Here’s one last example, from Abundance author Peter Diamandis:

“If I take 30 large linear steps—say one metre—from my Santa Monica living room, I end up 30 metres away, or roughly across the street. If, alternatively, I take 30 exponential steps from the same starting point, I end up a billion metres away, or orbiting the earth 26 times.”

I like collecting these sort of wildly unintuitive examples, in the hopes that if I continue to melt my brain, it might start to grudgingly give exponential growth the sort of respect it deserves.

The reason this is important is that exponential growth is not just some cute piece of mathematical trivia. It’s a real-world phenomenon, and it has the power to either make you or break you. You’ll find exponential growth lurking behind debt, compound interest, and inflation, among many other things.

Those people who ‘get it’ stand to benefit enormously. As for those who don’t, they don’t just miss out—they also risk having it used against them.

The Ugly Side of Compound Interest: Debt

Religious leaders have long understood the ugly side of compound interest, which was called ‘usury’ in ye olden times. Pope Leo the Great condemned it as early as 440AD, it used to be illegal in several countries, and it’s still banned under Islamic law today.
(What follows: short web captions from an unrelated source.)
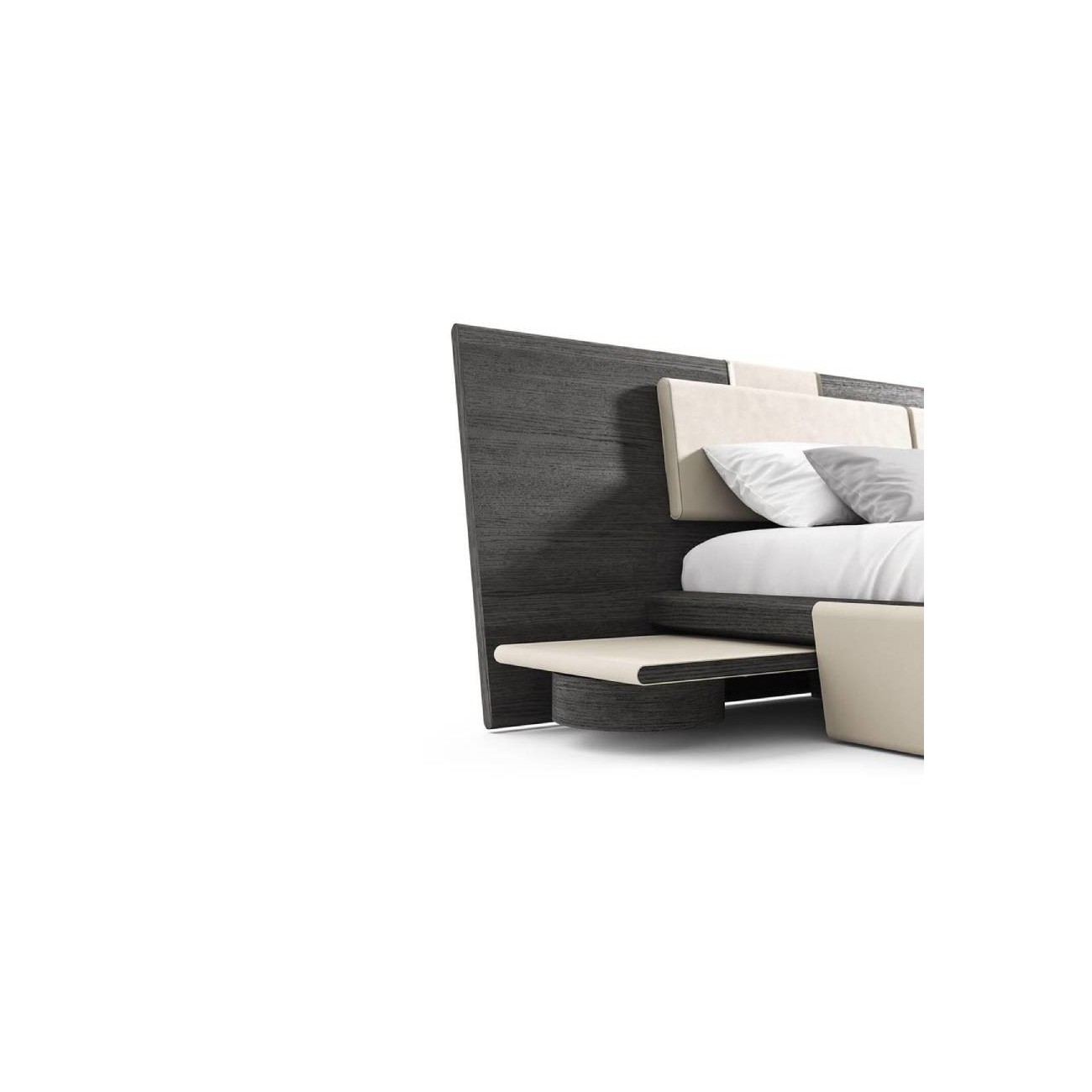 CASSINA L42 ACUTE LETTO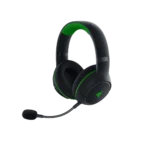 אוזניות אלחוטיות Razer Kaira Pro for Xbox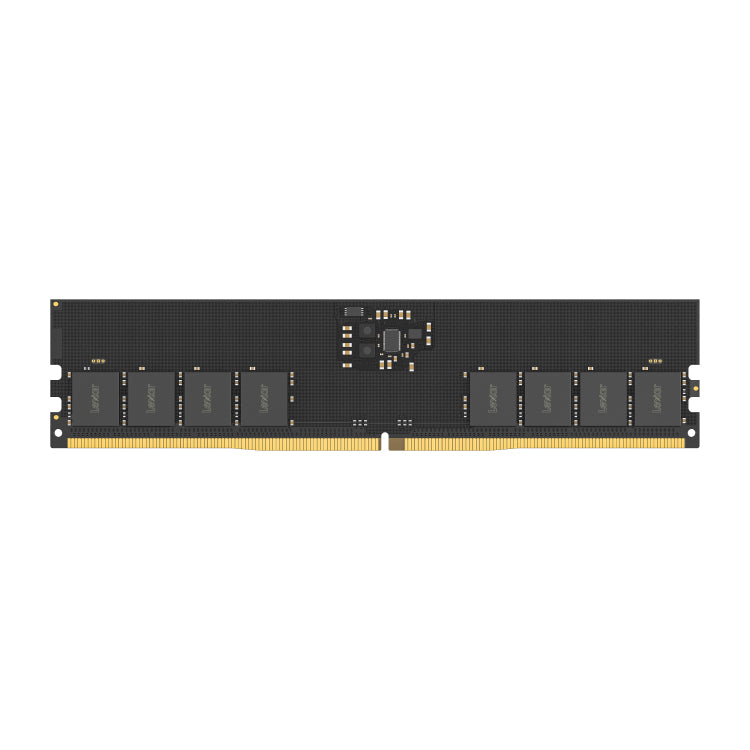 Lexar UDIMM 5600 16GB DRAM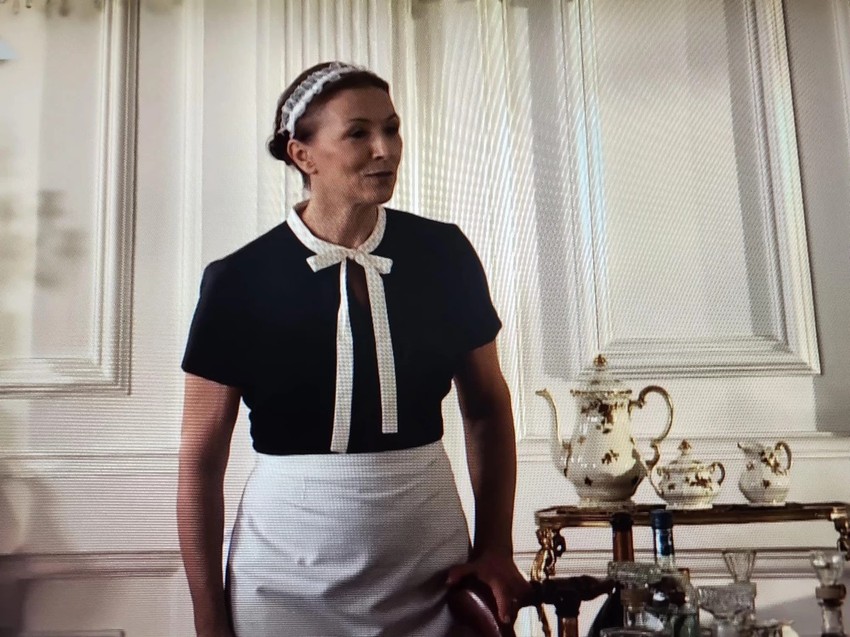 Snežana Zablaćanski: "Bio je zaista poseban čovek zbog čega se svakog dana zahvaljujem  Bogu što sam sa njim provela 20 godina života"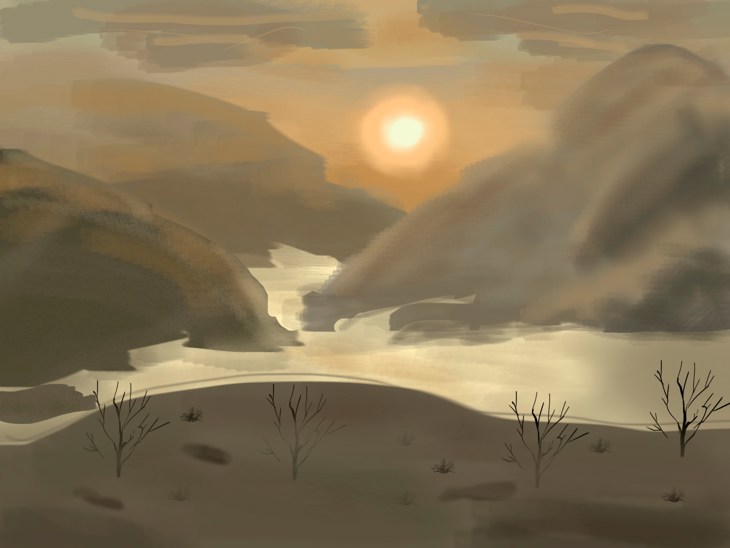 Иллюстрация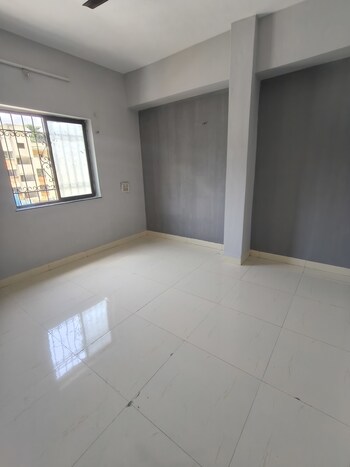 1 BHK Flat for Rent in Tingre Nagar, Pune
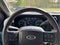2023 Ford Super Duty F-600 DRW XL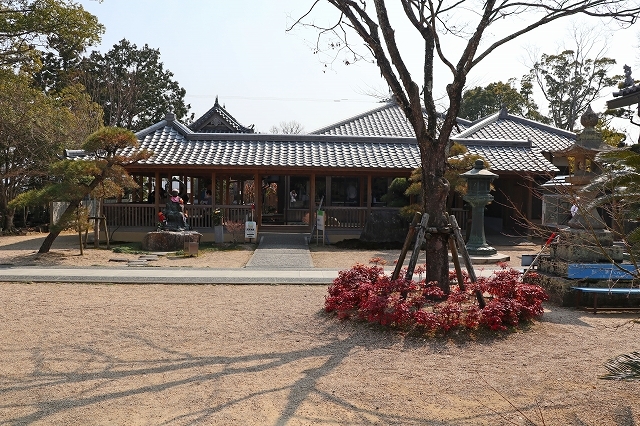 a0242438_20433322.jpg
Here’s an example of how things can get unholy: Let’s say you borrow $100 to get you through to next payday, for which the lender charges a monthly interest rate of 20 per cent. That’s only $20, so not exactly a big deal. However, when next month comes by, you’ve just had to get your car fixed, and you can’t quite get the money together. The lender slaps on another 20 per cent, and the hurdle gets slightly higher. Left unchecked, it wouldn’t take much more than a year before that extra $20 had spiralled into outstanding interest of almost $1,000, and if you don’t pay up, well… you might just get the clamps.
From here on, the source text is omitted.